ITEM 1.01. Entry into a Material Definitive Agreement.

         On May 17, 2006 HealthSouth Corporation (the "Company") issued a press
release, a copy of which is attached hereto as Exhibit 99 and incorporated
herein by reference, announcing that it has reached a non-prosecution agreement
(the "Agreement") with the U.S. Department of Justice negotiated through the
Office of the United States Attorney for the Northern District of Alabama
(together, the "Department"), relating to the accounting fraud committed against
the Company by members of its former management. Under the Agreement, the
Department acknowledged among other things, the Company's acknowledgment of
responsibility for the conduct of its employees giving rise to any violation in
connection with the fraud, the Company's previously reported settlement with the
Securities and Exchange Commission in the action captioned SEC v. HealthSouth
Corporation, and Richard M. Scrushy, No. CV-03-J-0615-S (N.D. Ala.) (the "SEC
Settlement"), including its agreement to pay $100 million pursuant to the terms
of the SEC Settlement, the Company's previously reported agreement with
representatives of a class of investors in the action captioned In re
HealthSouth Corporation Securities Litigation, No. CV-03-BE-1500-S (N.D.Ala.)
(the "Class Settlement"), including its agreement to pay $445 million in cash,
stock, and warrants to the class, as well as 25% of the Company's future net
recovery from suits brought against other defendants who are not included in the
Class Settlement, the Company's cooperation during the investigations by the
Department, the Company's pledge of continued cooperation, the Company's
agreement to pay $3 million to the U.S. Postal Inspection Services Consumer
Fraud Fund in connection with the execution of the Agreement and the Company's
numerous remedial actions in response to the fraud. In light of the foregoing
and based upon certain other understandings contained in the Agreement, the
Department agreed not to prosecute the Company for any crimes committed by its
employees relating to the fraud. Notwithstanding the foregoing, the Department
reserved the right to prosecute the Company for any crimes committed by its
employees in the event the Company violates the terms of the Agreement. The
Agreement expires on May 17, 2009.

         Certain matters discussed herein constitute forward-looking statements
which represent the Company's current expectations and beliefs concerning future
events that involve risks and uncertainties which could cause actual results to
differ materially from those currently anticipated. Such information is based on
numerous assumptions and involve a number of risks and uncertainties, many of
which are beyond the Company's control.

ITEM 2.03. Creation of a Direct Financial Obligation or an Obligation under an
Off-Balance Sheet Arrangement of a Registrant.
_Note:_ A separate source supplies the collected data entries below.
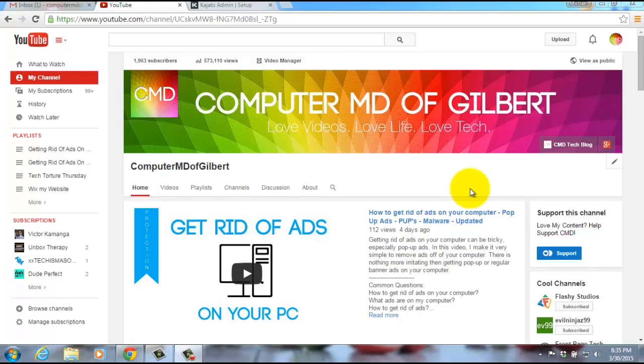I've showed you how to get rid of ads on Google Chrome, how to get rid of ads on your computer, and now today I'm going to show you how to get rid of toolbars on Google Chrome. Toolbars usually come with the addition of ads or after deleting ads.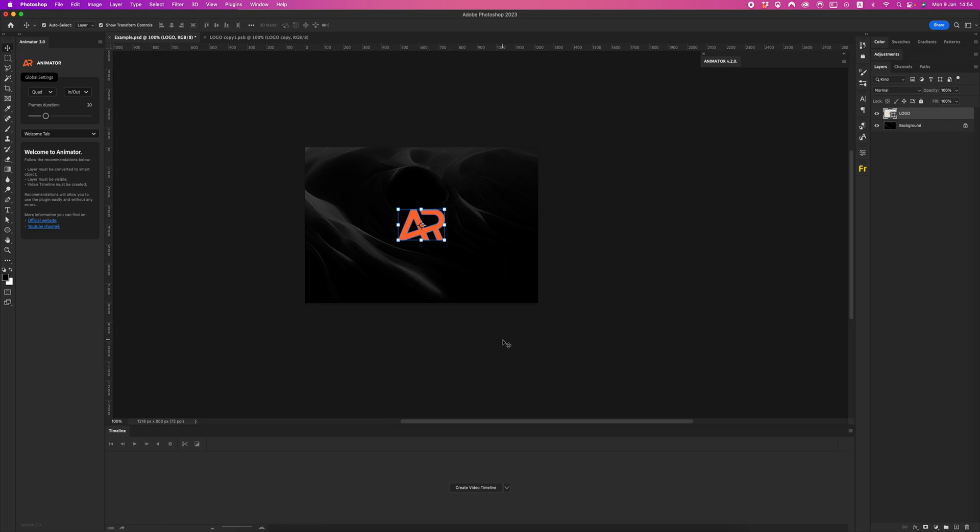Hello dear friends, in this video I will show you how to create animation in the new version of Animator for Photoshop. As you can see on the welcome tab, we see a recommendation for the top of the layer.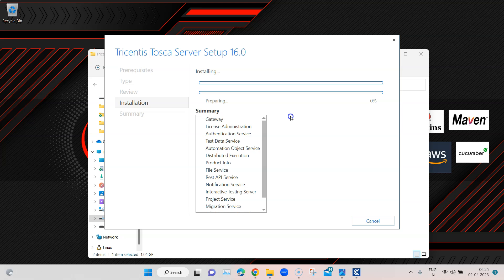One thing to note: I'm doing all this setup locally, so both Tosca Commander and Server will be running on my local machine. This is not a recommended setup for a production environment — it's just for demo and practice. In a real setup, you'd want a dedicated Windows server with higher configuration, since Tosca Server takes more resources because so many services are running.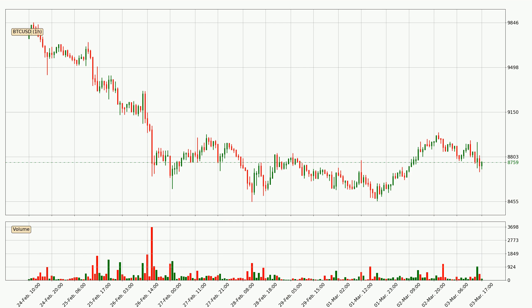If you are not familiar with the indicators, check out the explanation videos down below in the description. By taking a closer look at the hourly time frame for Bitcoin, the price went down only slightly by about 1.5% in the last 24 hours and has a current price of $8,759.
         The disclosure included under Item 1.01 of this Current Report on Form
8-K is incorporated by reference into this Item 2.03.

ITEM 9.01.  Financial Statements and Exhibits.

(c) Exhibits.

See Exhibit Index.



                                   SIGNATURES


         Pursuant to the requirements of the Securities Exchange Act of 1934,
the Registrant has duly caused this Current Report on Form 8-K to be signed on
its behalf by the undersigned hereunto duly authorized.

                             HEALTHSOUTH CORPORATION


                                      By:  /s/ Gregory L. Doody
                                          ------------------------------------
                                          Name:  Gregory L. Doody
                                          Title: Executive Vice President,
                                                 General Counsel and Secretary


       Dated:  May 19, 2006



                                  EXHIBIT INDEX


      Exhibit Number      Description
      --------------      -----------

            99            Press release of HealthSouth Corporation,
                          dated May 17, 2006.